(Description of the task): The lines you need are those holding the word "Benz"; pull them from the material.
★ ★ ★
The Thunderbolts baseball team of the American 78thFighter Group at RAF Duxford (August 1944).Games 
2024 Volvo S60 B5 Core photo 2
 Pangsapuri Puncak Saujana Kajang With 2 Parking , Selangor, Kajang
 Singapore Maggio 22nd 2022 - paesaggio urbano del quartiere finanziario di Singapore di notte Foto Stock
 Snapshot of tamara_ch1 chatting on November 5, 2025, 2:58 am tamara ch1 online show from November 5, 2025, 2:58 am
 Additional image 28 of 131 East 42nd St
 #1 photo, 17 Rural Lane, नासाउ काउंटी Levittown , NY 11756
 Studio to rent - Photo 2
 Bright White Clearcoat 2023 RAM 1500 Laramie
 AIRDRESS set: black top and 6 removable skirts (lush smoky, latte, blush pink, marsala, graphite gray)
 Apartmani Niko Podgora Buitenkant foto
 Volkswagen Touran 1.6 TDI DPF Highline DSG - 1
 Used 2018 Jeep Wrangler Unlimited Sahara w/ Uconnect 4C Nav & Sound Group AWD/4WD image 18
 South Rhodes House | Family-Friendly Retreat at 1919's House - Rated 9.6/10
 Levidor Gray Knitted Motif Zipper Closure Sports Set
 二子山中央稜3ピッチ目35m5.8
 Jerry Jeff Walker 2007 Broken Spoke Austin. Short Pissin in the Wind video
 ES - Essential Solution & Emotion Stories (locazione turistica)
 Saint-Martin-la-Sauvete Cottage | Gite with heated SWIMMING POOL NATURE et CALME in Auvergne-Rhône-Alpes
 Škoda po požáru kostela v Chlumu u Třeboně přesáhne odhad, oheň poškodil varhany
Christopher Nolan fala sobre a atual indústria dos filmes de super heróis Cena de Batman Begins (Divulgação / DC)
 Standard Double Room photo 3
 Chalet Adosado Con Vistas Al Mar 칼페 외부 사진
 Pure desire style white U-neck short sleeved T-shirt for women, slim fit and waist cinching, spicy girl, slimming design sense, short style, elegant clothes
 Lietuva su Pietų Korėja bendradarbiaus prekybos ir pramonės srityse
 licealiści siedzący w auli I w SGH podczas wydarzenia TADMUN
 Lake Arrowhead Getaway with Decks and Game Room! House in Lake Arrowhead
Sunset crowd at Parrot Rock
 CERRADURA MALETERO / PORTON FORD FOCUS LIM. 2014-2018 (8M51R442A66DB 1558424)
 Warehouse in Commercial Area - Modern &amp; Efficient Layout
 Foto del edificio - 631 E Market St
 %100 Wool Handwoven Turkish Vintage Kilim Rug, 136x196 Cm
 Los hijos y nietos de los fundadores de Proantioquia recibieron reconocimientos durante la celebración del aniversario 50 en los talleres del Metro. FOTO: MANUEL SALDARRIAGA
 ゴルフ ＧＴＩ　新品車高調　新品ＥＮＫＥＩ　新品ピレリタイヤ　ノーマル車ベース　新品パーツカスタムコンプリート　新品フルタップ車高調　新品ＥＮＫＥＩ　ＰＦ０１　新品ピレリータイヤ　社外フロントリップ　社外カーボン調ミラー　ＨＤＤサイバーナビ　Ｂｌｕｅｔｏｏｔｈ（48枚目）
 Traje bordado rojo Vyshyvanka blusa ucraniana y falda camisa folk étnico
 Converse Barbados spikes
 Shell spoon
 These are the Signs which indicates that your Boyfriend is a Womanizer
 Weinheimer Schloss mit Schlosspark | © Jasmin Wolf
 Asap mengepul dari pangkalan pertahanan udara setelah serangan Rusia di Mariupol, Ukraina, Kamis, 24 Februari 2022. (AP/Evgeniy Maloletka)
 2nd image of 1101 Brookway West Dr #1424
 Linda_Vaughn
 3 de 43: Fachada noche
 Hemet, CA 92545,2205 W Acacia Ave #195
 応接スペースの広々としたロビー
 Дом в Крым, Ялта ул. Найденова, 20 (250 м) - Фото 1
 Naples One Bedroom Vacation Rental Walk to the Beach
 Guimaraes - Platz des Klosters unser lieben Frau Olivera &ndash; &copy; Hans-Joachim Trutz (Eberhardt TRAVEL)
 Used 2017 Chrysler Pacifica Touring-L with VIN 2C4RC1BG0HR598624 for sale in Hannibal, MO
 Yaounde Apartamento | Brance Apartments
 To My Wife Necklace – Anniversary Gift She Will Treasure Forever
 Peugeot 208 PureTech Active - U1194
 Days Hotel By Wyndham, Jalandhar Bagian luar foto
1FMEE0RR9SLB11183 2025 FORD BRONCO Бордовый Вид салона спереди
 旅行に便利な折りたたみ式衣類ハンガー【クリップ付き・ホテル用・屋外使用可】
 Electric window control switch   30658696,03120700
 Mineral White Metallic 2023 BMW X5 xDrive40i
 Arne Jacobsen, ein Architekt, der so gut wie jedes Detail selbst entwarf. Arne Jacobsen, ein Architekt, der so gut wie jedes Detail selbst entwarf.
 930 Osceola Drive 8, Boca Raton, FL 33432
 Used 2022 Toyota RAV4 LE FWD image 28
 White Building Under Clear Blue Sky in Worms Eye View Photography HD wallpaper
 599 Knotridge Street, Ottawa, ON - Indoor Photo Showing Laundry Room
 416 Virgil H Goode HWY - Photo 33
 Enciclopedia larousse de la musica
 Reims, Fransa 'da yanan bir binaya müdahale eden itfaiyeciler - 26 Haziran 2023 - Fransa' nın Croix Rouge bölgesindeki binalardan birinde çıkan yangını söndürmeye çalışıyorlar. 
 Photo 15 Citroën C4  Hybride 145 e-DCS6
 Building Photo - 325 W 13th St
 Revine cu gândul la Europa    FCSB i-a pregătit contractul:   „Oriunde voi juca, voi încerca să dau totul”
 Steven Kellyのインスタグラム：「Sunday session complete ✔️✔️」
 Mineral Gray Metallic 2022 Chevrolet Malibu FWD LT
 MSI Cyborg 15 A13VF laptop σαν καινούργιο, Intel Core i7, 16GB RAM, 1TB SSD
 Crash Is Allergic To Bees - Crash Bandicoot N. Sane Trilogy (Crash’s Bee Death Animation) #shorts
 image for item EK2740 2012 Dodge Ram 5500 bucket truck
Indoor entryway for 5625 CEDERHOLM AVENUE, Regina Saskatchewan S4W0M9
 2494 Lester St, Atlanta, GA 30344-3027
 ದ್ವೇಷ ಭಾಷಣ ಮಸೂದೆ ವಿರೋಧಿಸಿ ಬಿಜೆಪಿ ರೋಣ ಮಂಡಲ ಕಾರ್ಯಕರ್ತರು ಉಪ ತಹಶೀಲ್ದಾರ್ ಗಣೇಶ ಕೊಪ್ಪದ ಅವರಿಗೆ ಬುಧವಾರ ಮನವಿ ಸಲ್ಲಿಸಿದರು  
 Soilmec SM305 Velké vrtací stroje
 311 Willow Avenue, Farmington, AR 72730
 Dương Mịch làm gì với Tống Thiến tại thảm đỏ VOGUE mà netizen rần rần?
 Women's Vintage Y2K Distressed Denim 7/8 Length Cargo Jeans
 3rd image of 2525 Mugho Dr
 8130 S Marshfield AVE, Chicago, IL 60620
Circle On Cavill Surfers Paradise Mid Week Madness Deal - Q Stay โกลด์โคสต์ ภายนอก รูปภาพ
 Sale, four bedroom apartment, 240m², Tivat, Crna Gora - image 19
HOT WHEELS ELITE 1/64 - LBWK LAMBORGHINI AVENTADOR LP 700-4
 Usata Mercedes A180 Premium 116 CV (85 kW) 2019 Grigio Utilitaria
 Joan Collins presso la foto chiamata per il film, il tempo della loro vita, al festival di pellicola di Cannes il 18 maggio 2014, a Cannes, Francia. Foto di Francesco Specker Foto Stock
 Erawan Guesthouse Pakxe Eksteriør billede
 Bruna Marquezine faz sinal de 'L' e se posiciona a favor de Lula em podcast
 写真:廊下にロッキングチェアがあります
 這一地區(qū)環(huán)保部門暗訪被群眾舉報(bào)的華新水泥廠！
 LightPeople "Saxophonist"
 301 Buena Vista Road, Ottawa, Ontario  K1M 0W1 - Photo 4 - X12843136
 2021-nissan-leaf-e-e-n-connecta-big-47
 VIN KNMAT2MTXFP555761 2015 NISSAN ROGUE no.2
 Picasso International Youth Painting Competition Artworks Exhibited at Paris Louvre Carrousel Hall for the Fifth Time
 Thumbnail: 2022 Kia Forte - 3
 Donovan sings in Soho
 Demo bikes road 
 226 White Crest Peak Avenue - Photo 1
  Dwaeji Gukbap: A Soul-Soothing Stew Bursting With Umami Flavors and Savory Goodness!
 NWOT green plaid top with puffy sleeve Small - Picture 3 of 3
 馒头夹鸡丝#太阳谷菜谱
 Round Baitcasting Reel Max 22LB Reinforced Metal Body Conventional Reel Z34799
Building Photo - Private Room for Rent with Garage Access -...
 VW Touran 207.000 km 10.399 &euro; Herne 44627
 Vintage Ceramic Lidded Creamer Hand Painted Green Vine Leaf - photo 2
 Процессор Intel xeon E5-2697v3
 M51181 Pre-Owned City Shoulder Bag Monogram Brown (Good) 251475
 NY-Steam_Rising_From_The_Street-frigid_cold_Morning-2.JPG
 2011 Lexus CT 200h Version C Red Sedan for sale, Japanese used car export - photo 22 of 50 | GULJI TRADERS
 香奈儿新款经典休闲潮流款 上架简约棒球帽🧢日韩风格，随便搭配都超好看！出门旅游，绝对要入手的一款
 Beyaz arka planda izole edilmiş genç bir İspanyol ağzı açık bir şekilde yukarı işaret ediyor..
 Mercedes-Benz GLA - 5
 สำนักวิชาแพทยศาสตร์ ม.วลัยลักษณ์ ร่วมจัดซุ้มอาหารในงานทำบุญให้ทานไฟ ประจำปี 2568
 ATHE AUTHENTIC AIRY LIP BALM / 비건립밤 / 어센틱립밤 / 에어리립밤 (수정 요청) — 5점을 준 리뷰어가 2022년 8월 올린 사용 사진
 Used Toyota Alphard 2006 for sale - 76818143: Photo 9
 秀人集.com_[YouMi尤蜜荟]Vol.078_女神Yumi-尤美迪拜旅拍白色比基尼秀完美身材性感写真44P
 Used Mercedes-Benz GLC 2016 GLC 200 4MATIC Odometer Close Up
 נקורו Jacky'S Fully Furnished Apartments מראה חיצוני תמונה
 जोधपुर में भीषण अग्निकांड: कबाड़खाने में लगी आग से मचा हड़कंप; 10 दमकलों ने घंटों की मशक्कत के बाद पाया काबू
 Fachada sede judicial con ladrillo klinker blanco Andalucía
★ ★ ★
(Worked solution):
 Mercedes-Benz GLA - 5
 Used Mercedes-Benz GLC 2016 GLC 200 4MATIC Odometer Close Up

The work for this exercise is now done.